Though still in its early stages, the shift away from marijuana testing appears likely to accelerate. More states are legalizing cannabis for recreational use; Michigan could become the 10th state to do so in November. Missouri appears on track to become the 30th state to allow medical pot use.
And medical marijuana users in Massachusetts , Connecticut and Rhode Island have won lawsuits in the past year against companies that rescinded job offers or fired workers because of positive tests for cannabis. Before last year, courts had always ruled in favor of employers.
The Trump administration also may be softening its resistance to legal marijuana. Labor Secretary Alexander Acosta suggested at a congressional hearing last month that employers should take a "step back" on drug testing.

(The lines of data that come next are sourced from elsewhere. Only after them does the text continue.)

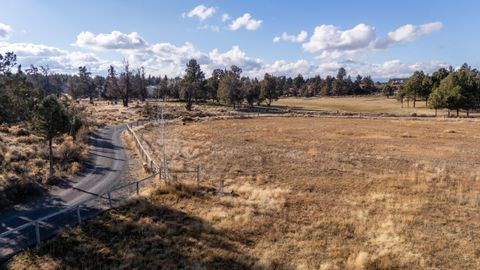 Tiny photo for 62262 Chickadee Lane, Bend, OR 97701 (MLS # 220212403)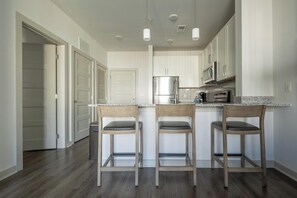 Fridge, dining tables - Landing | Modern 1BD, Clubhouse, Pool (Charlotte)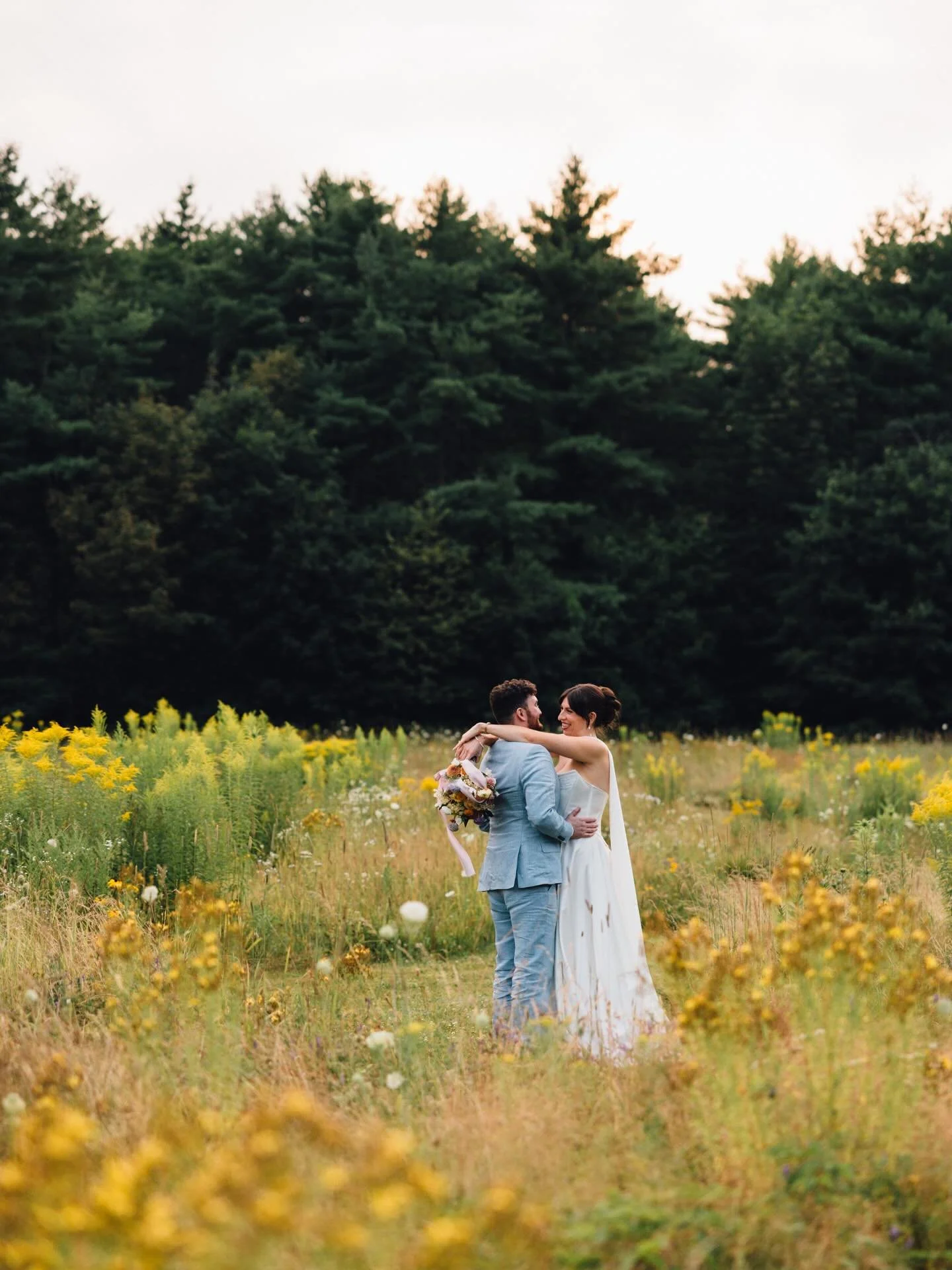 Flower-lovin&rsquo; couple with a beautiful vision. Peak summer blooms. Gorgeous venue and killer vendor team. So much to love about Courtney &amp; Matthew&rsquo;s wedding! ✨🍋🫐

Coordination: @nicolemowerevents
Venue: @thebarnatflanaganfarm
Caterin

"We have all these Americans that are looking to work," Acosta said. "Are we aligning our ... drug testing policies with what's right for the workforce?"
There is no definitive data on how many companies conduct drug tests, though the Society for Human Resource Management found in a survey that 57 percent do so. Nor is there any recent data on how many have dropped marijuana from mandatory drug testing.
But interviews with hiring executives, employment lawyers and agencies that help employers fill jobs indicate that dropping marijuana testing is among the steps more companies are taking to expand their pool of applicants to fill a near-record level of openings.
Businesses are hiring more people without high school diplomas, for example, to the point where the unemployment rate for non-high school graduates has sunk more than a full percentage point in the past year to 5.5 percent. That's the steepest such drop for any educational group over that time. On Friday, the government is expected to report another robust jobs report for April.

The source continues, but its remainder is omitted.